Question

A pump is required to lift 800kg of water per minute from a 10 m deep well and eject it with speed of \[20\,m{s^{ - 1}}\]. The required power in watts of the pump will be
A. 6000
B. 4000
C. 5000
D. 8000

Answer 1

Hint: We need to find the energy required or the work done to lift 800kg of water to a height of 10m and throw it with a speed of \[20m{s^{ - 1}}\] to find the power of the pump. The work done in moving a particle under the conservative force is given by change in mechanical energy.

Formula used:
The work done in a system is given by the change in mechanical energy of the system,
\[W = (\dfrac{1}{2}m{v_f}^2 - \dfrac{1}{2}m{v_i}^2) + (mg{h_f} - mg{h_i})\]
where, $m$ is the mass of the body, \[{v_f}\], \[{v_i}\] are final and initial velocities respectively and \[{h_f}\],\[{h_i}\] are the final and initial height of the body.
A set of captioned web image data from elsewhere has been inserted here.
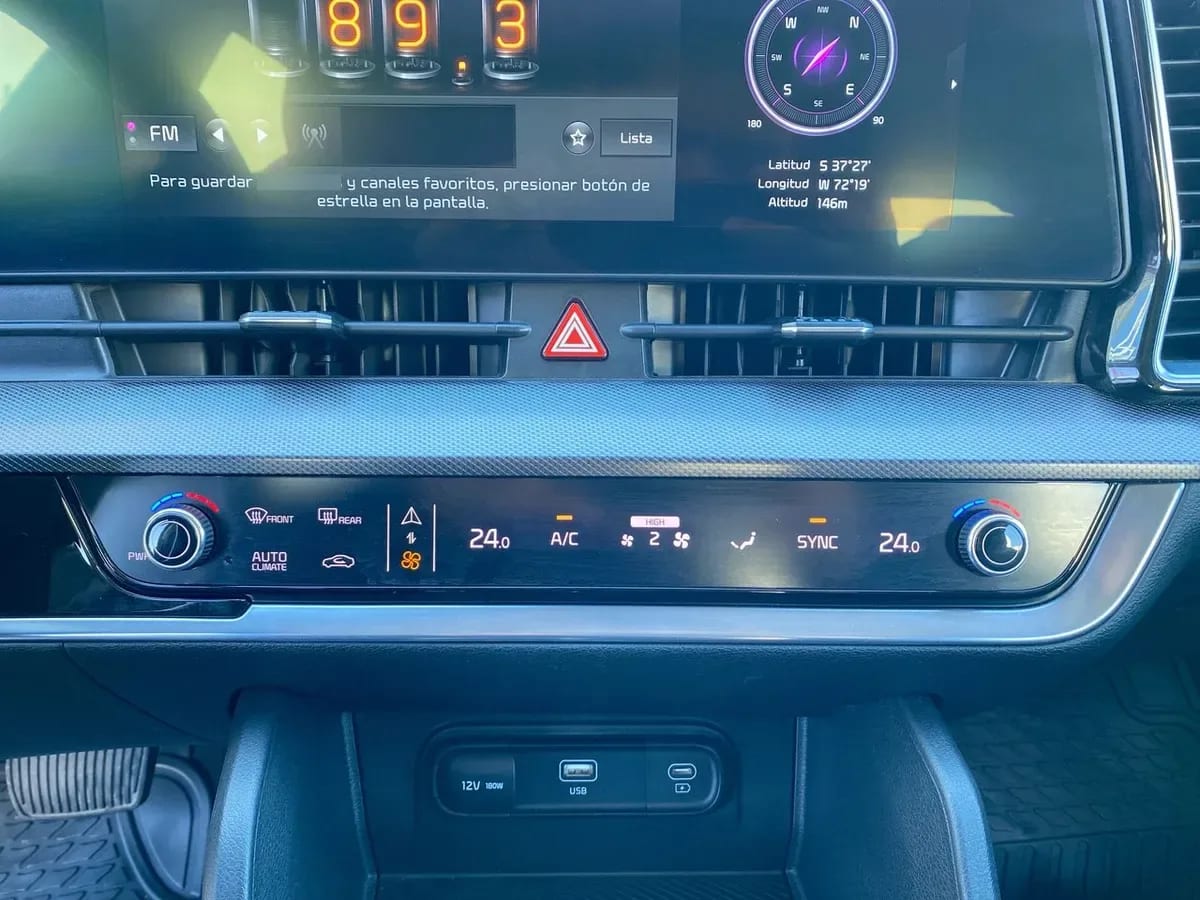 Kia Sportage 2.0 Ex Dies 2wd 8at 5p año 2025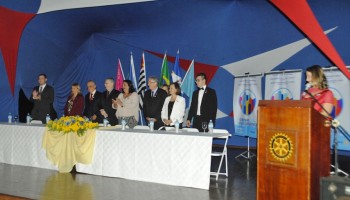 rotary-club-de-ibitinga-empossou-nova-diretoria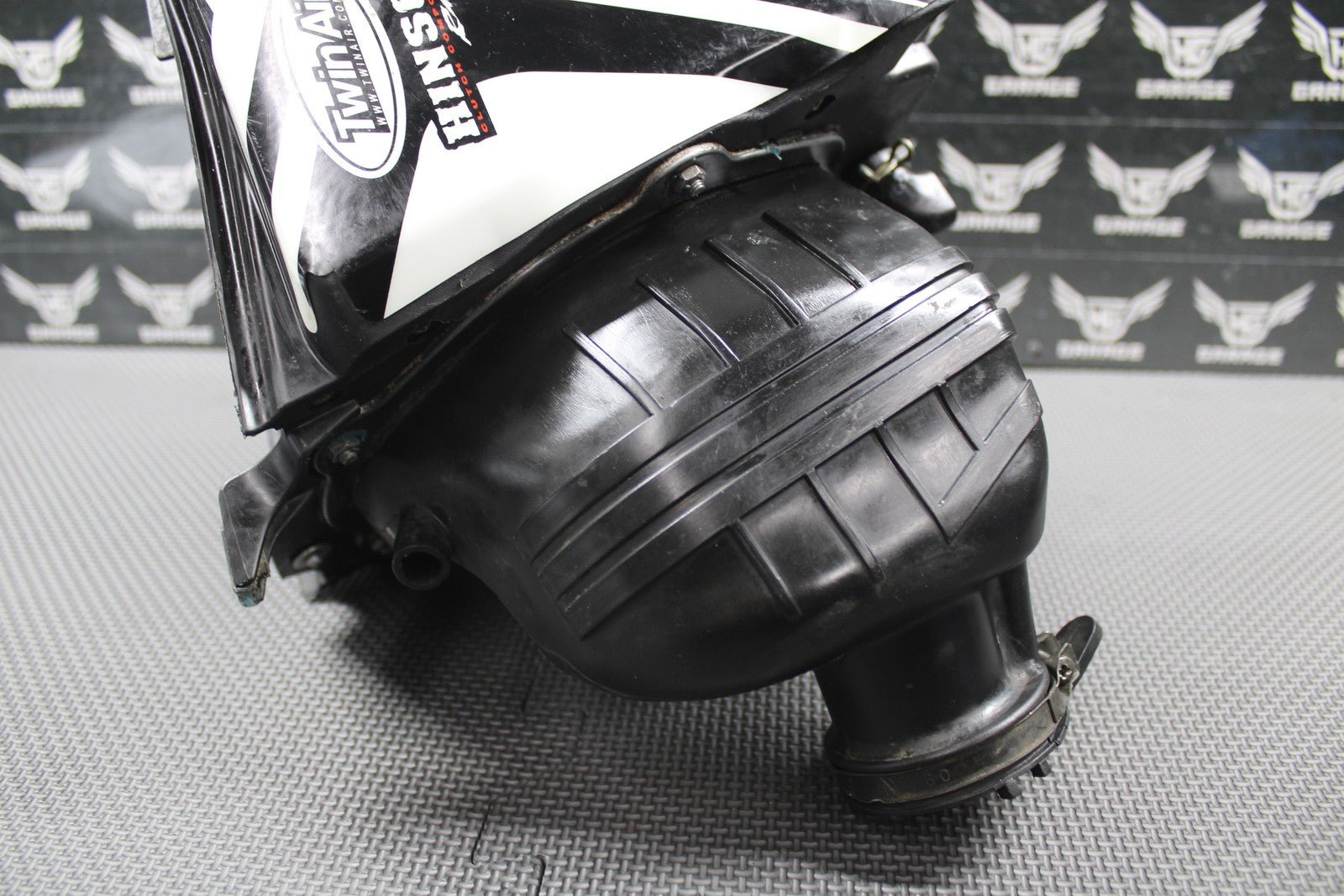 2008 HONDA CRF250R OEM AIRBOX AIR CLEANER FILTER BOX CASE INTAKE BOOT NICE! - hggarage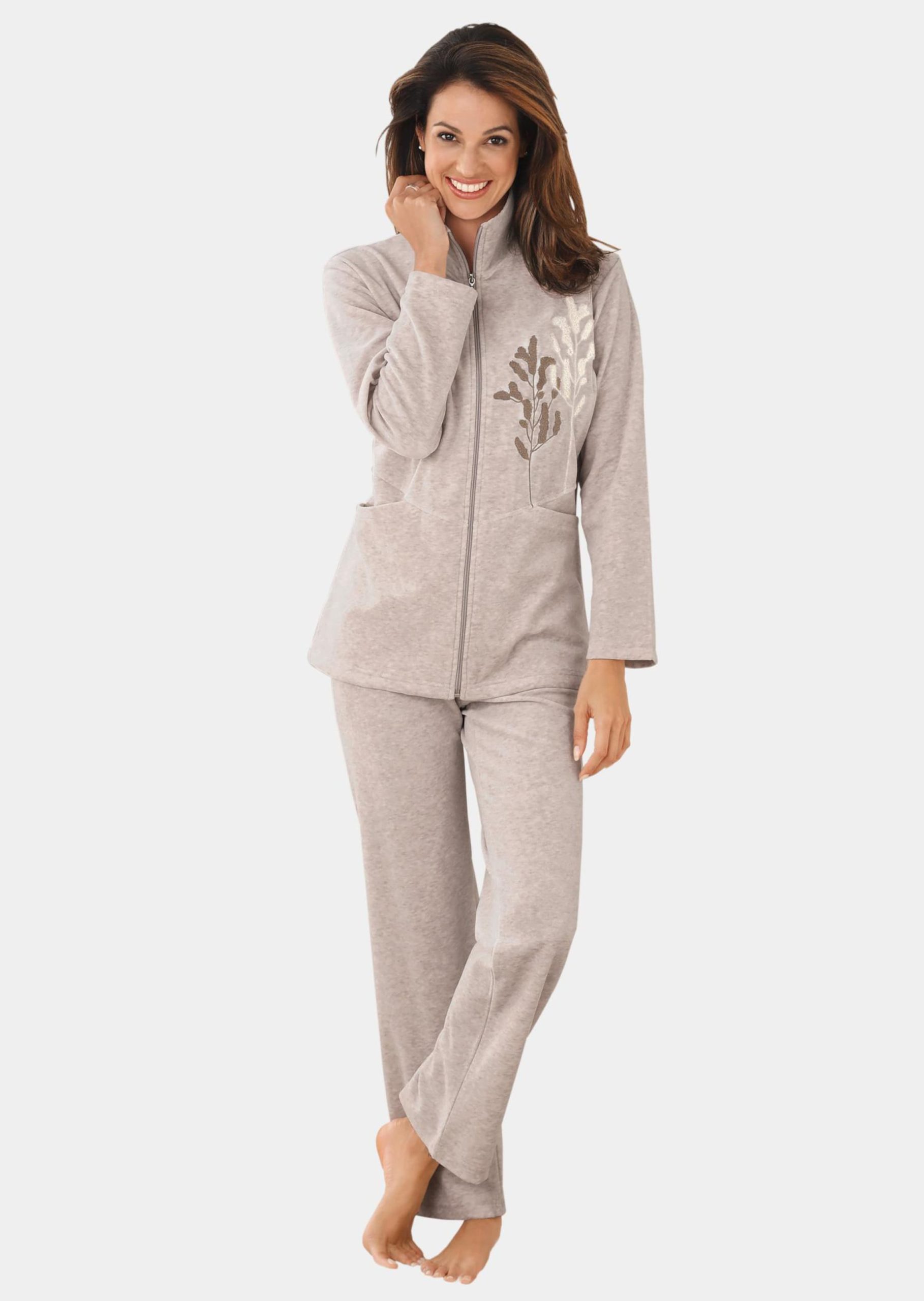hausanzug-damen-851xth-1.jpg Nicki Hausanzug mit modischer Stickerei 19 – Bild 1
Complete step by step answer:
The pump is required to lift 800kg of water per minute from a 10 m deep well and eject it with speed of \[20\,m{s^{ - 1}}\]. Now, we know that the work done on moving a body under conservative force is given by the change in mechanical energy. So, here the change in mechanical energy is equal to the sum of change in kinetic energy and change in potential energy.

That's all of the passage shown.